Tuesday, November 5, 2019

A Family Mission Trip


I grew up is a somewhat idyllic community on the eastside of Detroit.  The Motor City was a vibrant, and still relatively safe, place in the late 50’s and early 60’s.  My friends and I really considered the whole city our playground.  In the case of my siblings and I, we also grew up in a neighborhood surrounded by family.  My aunt and uncle, as well as my grandparents, lived within a few blocks.  My three great aunts also lived with a mile.  Until last summer my Uncle Don, a World War II veteran, still lived in a house in that neighborhood.  Detroit is not a hospitable place these days, but uncle had great neighbors who watched out for him.  Whenever we talked to him about moving he dug his feet in.  After a serious fall, he finally listened to his doctor.  My siblings and I moved him into an apartment in a senior community in July, with the promise to return to deal with the house.

The move was easy.   Cleaning out a house filled with sixty-plus years of memories was another issue.   My Uncle has lived alone in the house for the last seventeen years.  You can only begin to imagine the condition of the house.  It meant going through years of family records and sorting through lots of stuff.  We found some gems like my uncle’s original Erector Set and his army uniform.  I also brought home lots of pictures including my mom on her wedding day and my dad in his WW II Coast Guard uniform.  My Aunt Phyllis taught the 2nd grade Sunday school class at St. James Lutheran Church in Grosse Pointe until her health declined.  In going through her room we found old Sunday school lesson books, children’s hymnals and gifts that she had bought for her students.

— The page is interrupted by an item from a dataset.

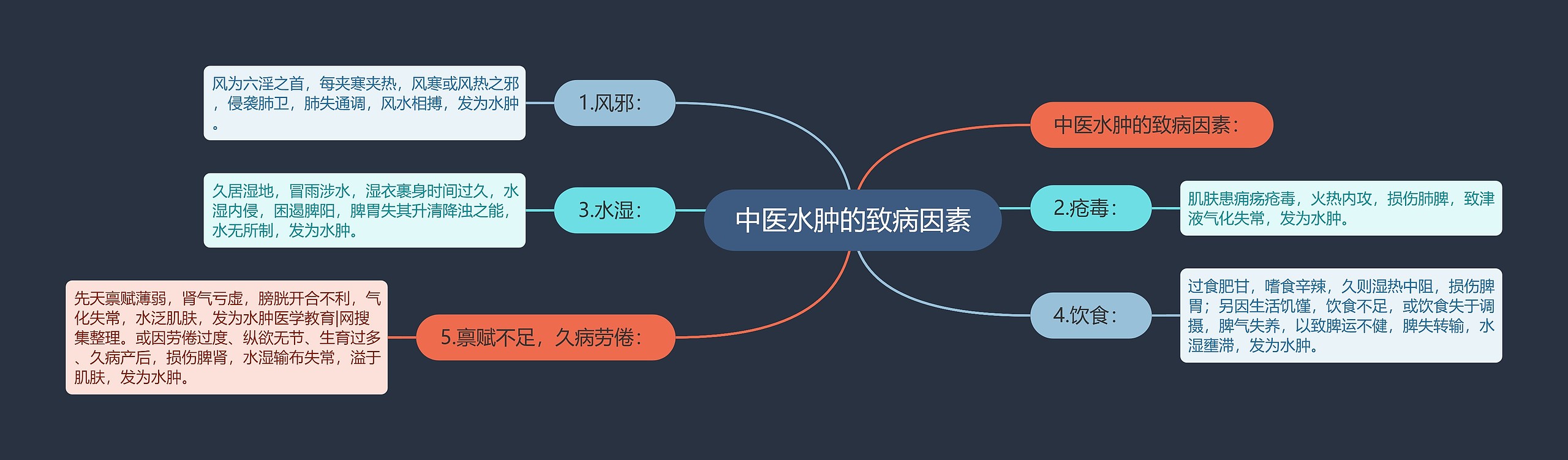 中医水肿的致病因素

Probably the most meaningful finds were a copy of the paperwork from my great-great grandmother’s passage through Ellis Island in 1922 and Ration Book from WW II. Both not only reminded me of what my descendants had gone through but the way God blessed them.  Family Bibles and a copy of a Lutheran Hymnal in German further underscored the faith of my ancestors.   The whole experience left me more determined to live their legacy. I also want to pass the torch of faith to my my children and grandchildren.